### Records shown ###
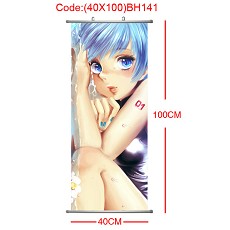 Hatsune Miku wallscroll(40X100)BH141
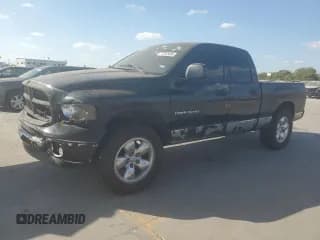 ✅ 2004 Dodge 1500 SLT • VIN: 1D7HA18N34S555501 • Лот: 77312634. Опубликован ранее на Copart с пробегом 164 502 миль. Бесплатный доступ к архиву аукционных продаж из США и подробный отчёт об истории автомобиля на DreamBid. Изображение 1.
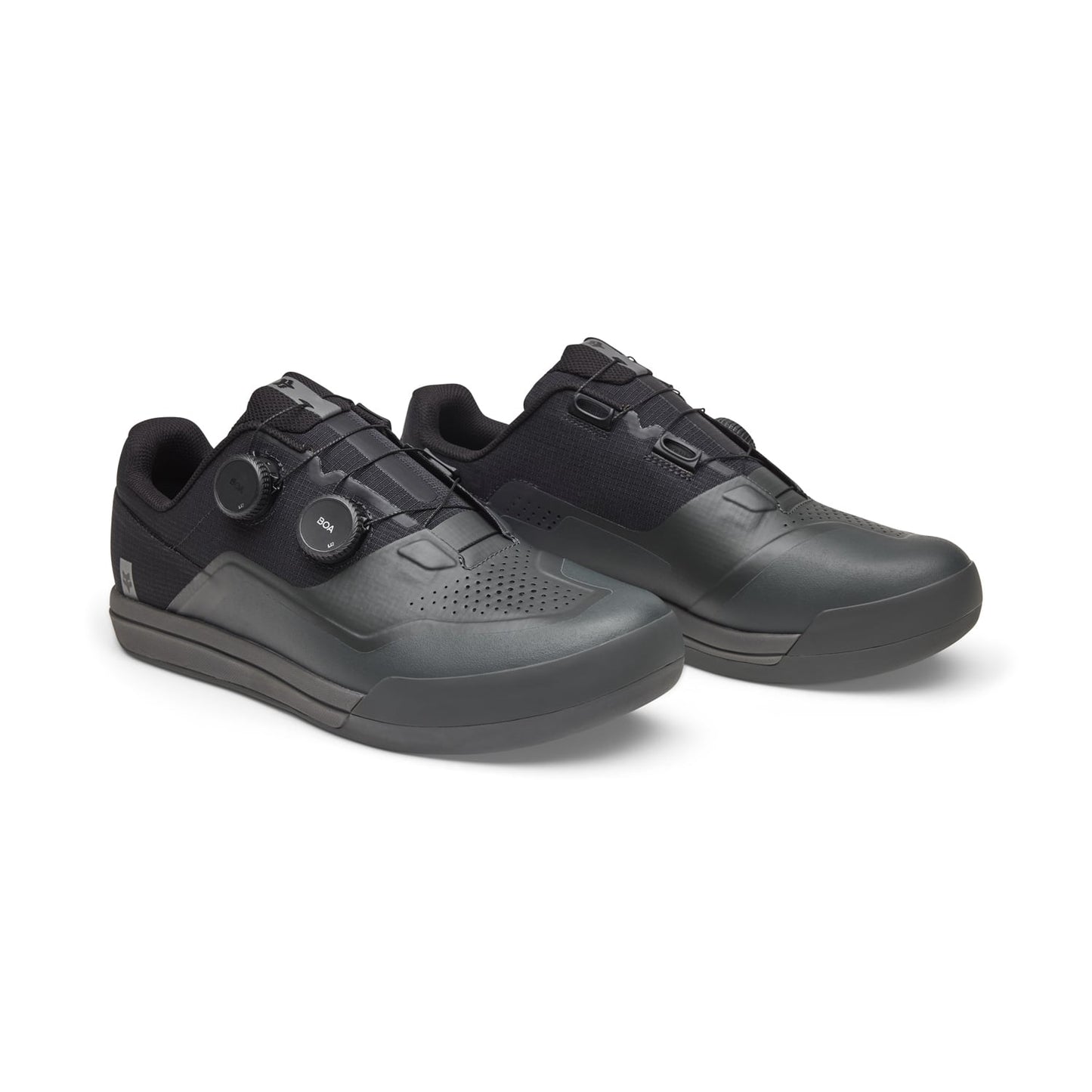 Chaussures VTT FOX UNION BOA Gris/Noir 2025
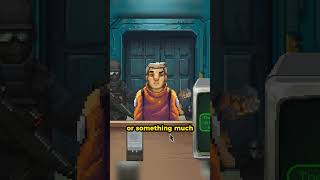 Papers, Please Inside Area 51?! Security 51 has a free demo available now on Steam. #steam #ad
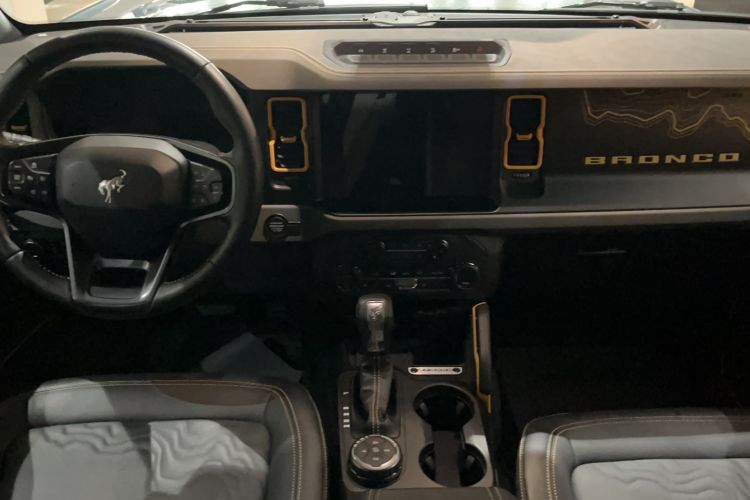 Used Ford Bronco 2024 2.3T Wilderness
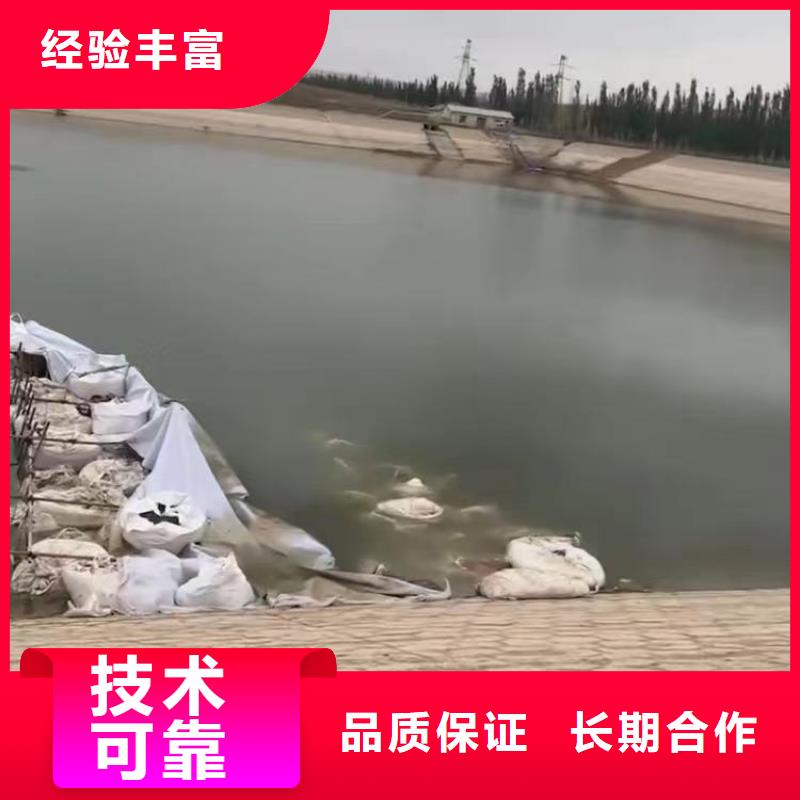 深圳碧岭街道水鬼水中服务质量优浪淘沙水工技术比较好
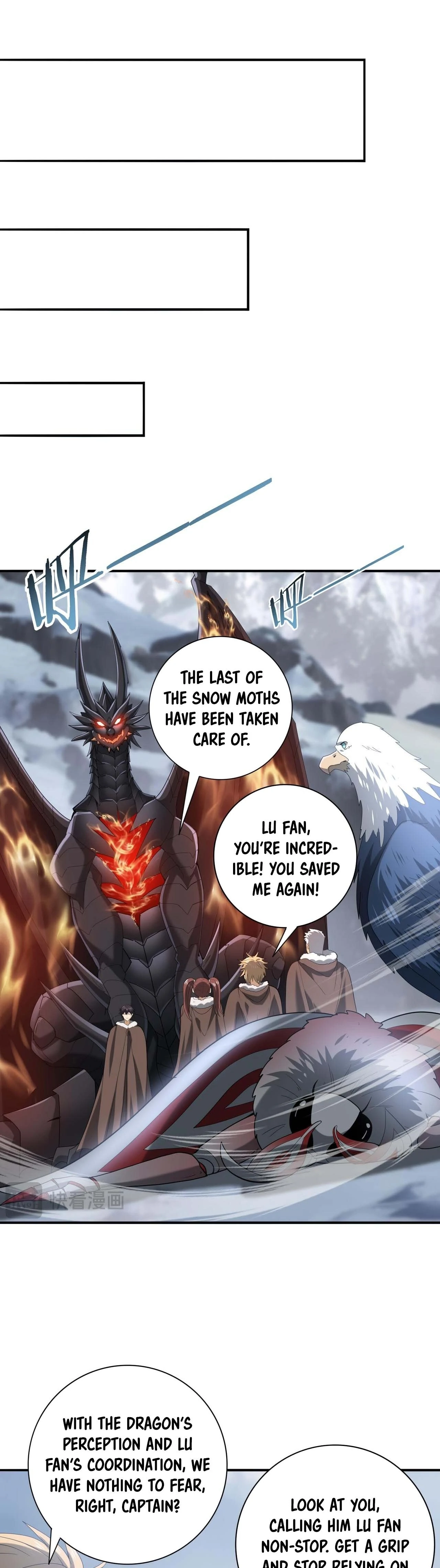 National Job Change: I’m Stuck As the Weakest Dragon Tamer?! Chapter 57 page 29 - 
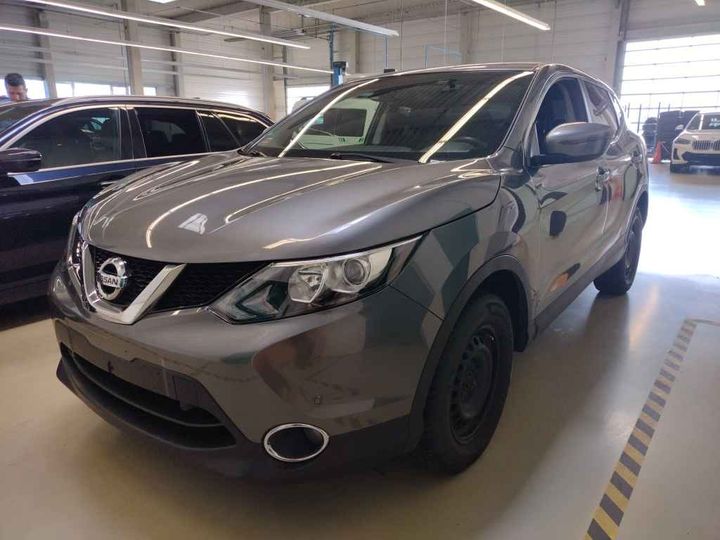 NISSAN QASHQAI 2014 sjnfeaj11u1197017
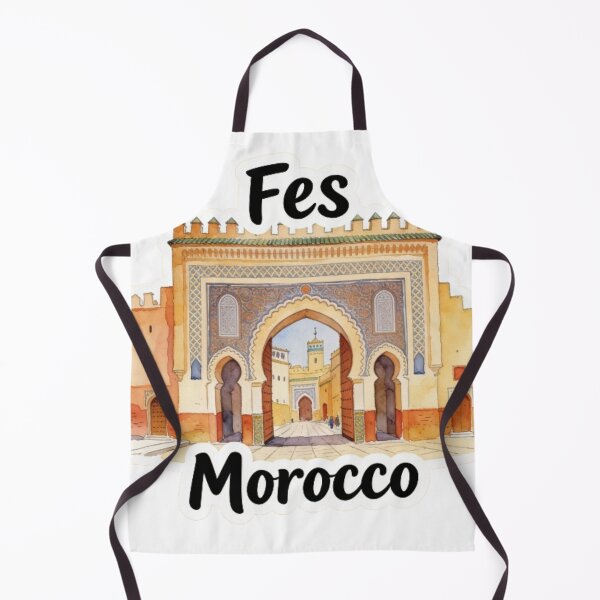Item preview, Fes, Morocco Historic Medina designed and sold by Modefissi.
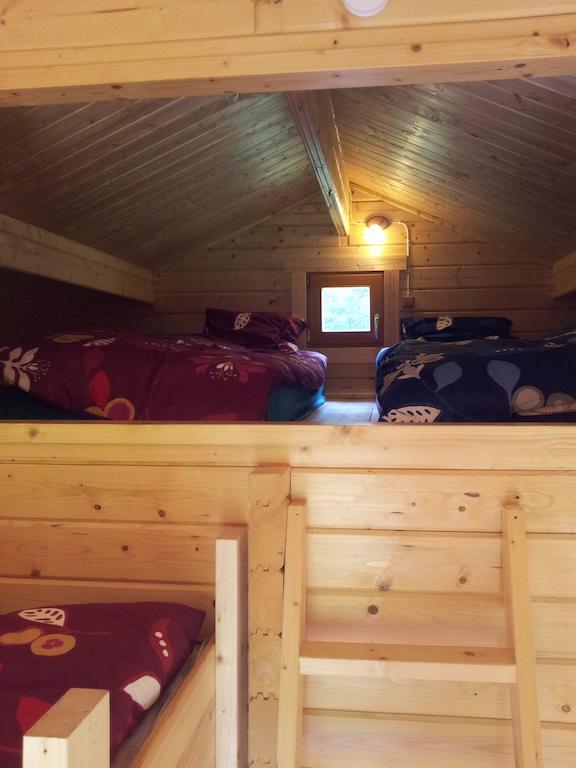 Männiste Holiday Home Hiievalja Zimmer foto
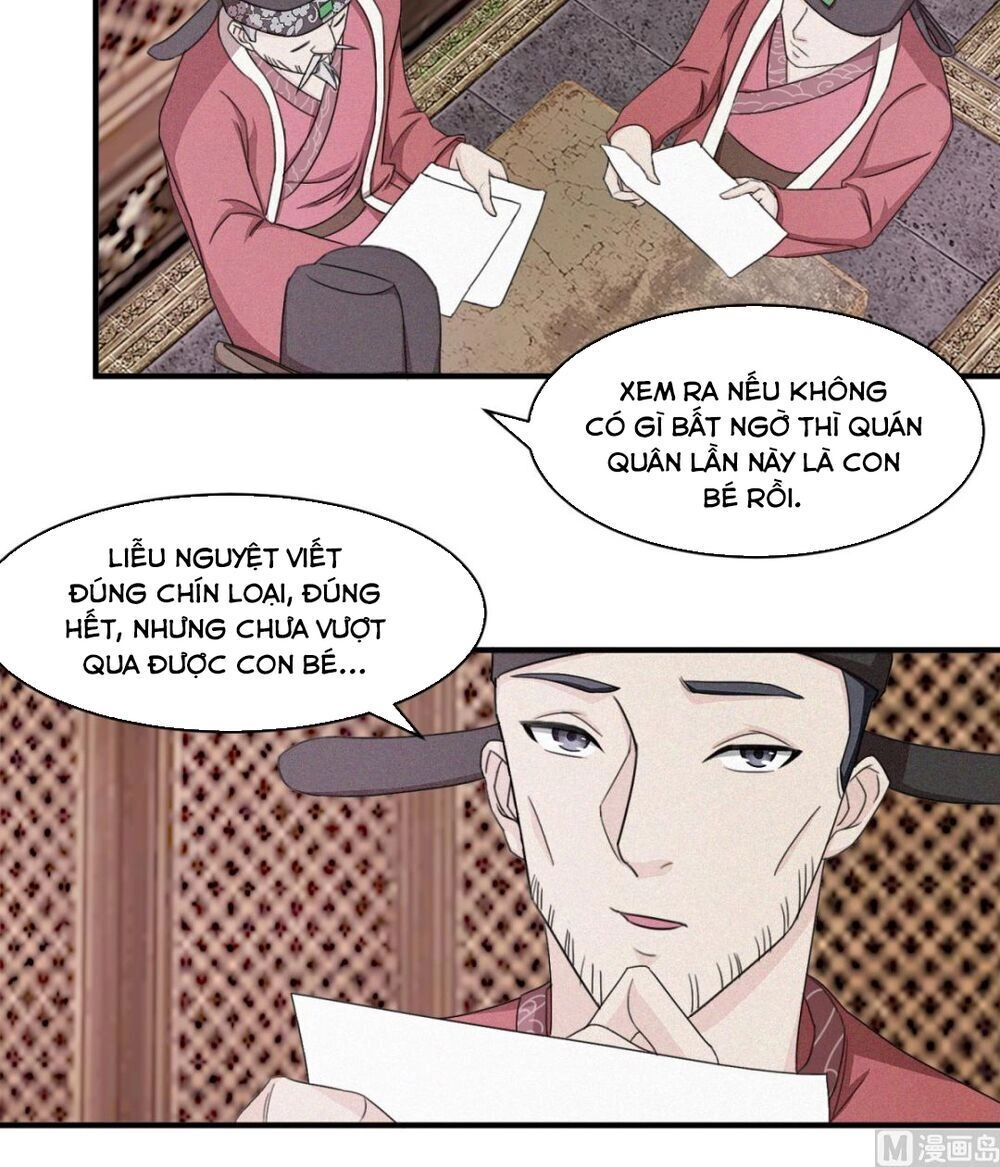 Cửu Dương Đế Tôn Chapter 12 - 12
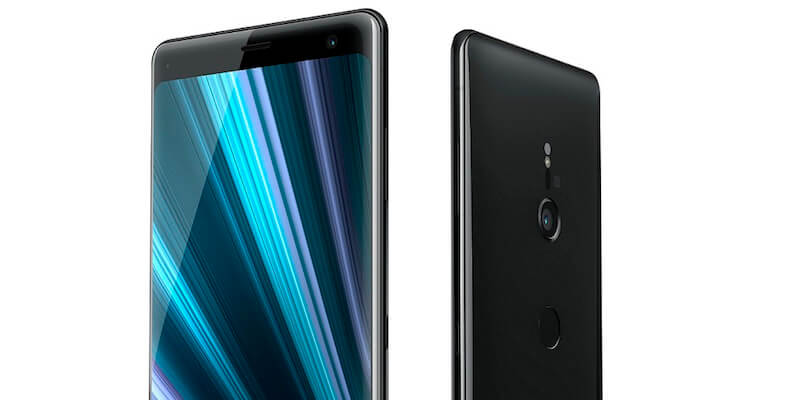 Sony Xperia XZ3 disponibile in Italia a 799 euro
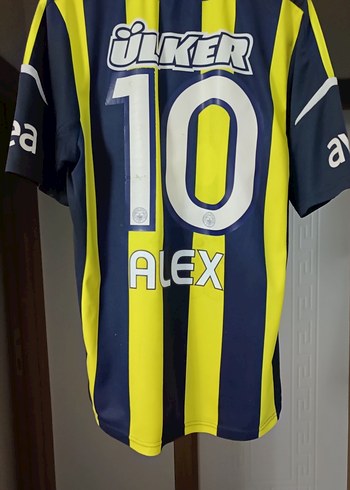 Orijinal Fenerbahçe Forması - Görsel 8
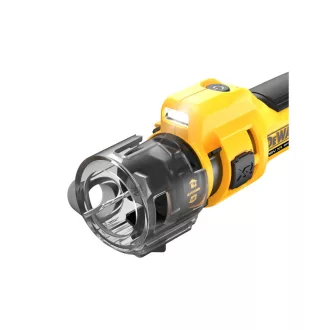   DEWALT Dispozitiv de tăiat gips-carton 18 V (fără baterie + încărcător) DCE555N
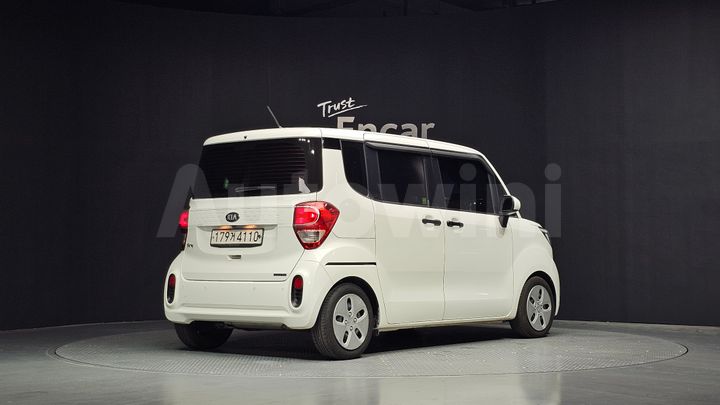 Kia Ray 2019 — 2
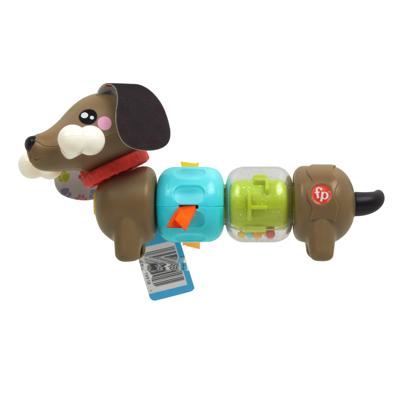 Fisher Price Pets Click & Spin Puppy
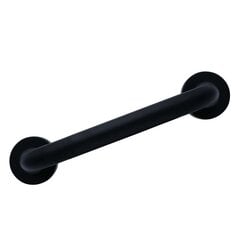 GRAB BAR SAM S. BLACK MATT. ALUMĪNIJA цена и информация | Для людей с особыми потребностями | 220.lv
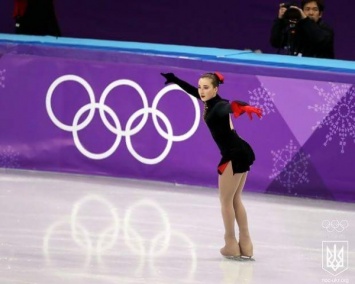 Стало известно, какое место заняла днепровская фигуристка на Зимней Олимпиаде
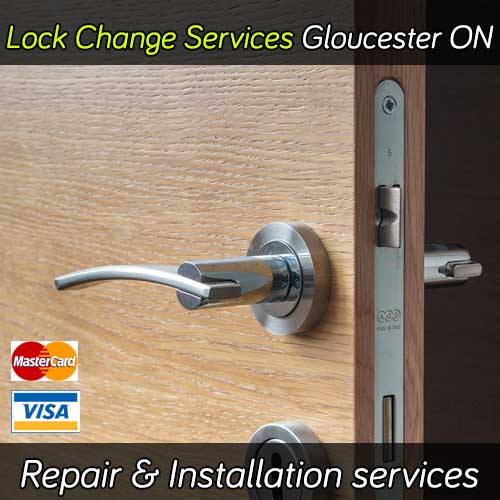 Door lock change services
###
Task prompt →
Skip the pictures and reproduce all remaining entries exactly.

Written reply →
 Hatsune Miku wallscroll(40X100)BH141
 ✅ 2004 Dodge 1500 SLT • VIN: 1D7HA18N34S555501 • Лот: 77312634. Опубликован ранее на Copart с пробегом 164 502 миль. Бесплатный доступ к архиву аукционных продаж из США и подробный отчёт об истории автомобиля на DreamBid. Изображение 1.
 Chaussures VTT FOX UNION BOA Gris/Noir 2025
 Papers, Please Inside Area 51?! Security 51 has a free demo available now on Steam. #steam #ad
 Used Ford Bronco 2024 2.3T Wilderness
 深圳碧岭街道水鬼水中服务质量优浪淘沙水工技术比较好
 National Job Change: I’m Stuck As the Weakest Dragon Tamer?! Chapter 57 page 29 - 
 NISSAN QASHQAI 2014 sjnfeaj11u1197017
Item preview, Fes, Morocco Historic Medina designed and sold by Modefissi.
 Männiste Holiday Home Hiievalja Zimmer foto
 Cửu Dương Đế Tôn Chapter 12 - 12
 Sony Xperia XZ3 disponibile in Italia a 799 euro
 Orijinal Fenerbahçe Forması - Görsel 8
   DEWALT Dispozitiv de tăiat gips-carton 18 V (fără baterie + încărcător) DCE555N
 Kia Ray 2019 — 2
 Fisher Price Pets Click & Spin Puppy
 GRAB BAR SAM S. BLACK MATT. ALUMĪNIJA цена и информация | Для людей с особыми потребностями | 220.lv
 Стало известно, какое место заняла днепровская фигуристка на Зимней Олимпиаде
 Door lock change services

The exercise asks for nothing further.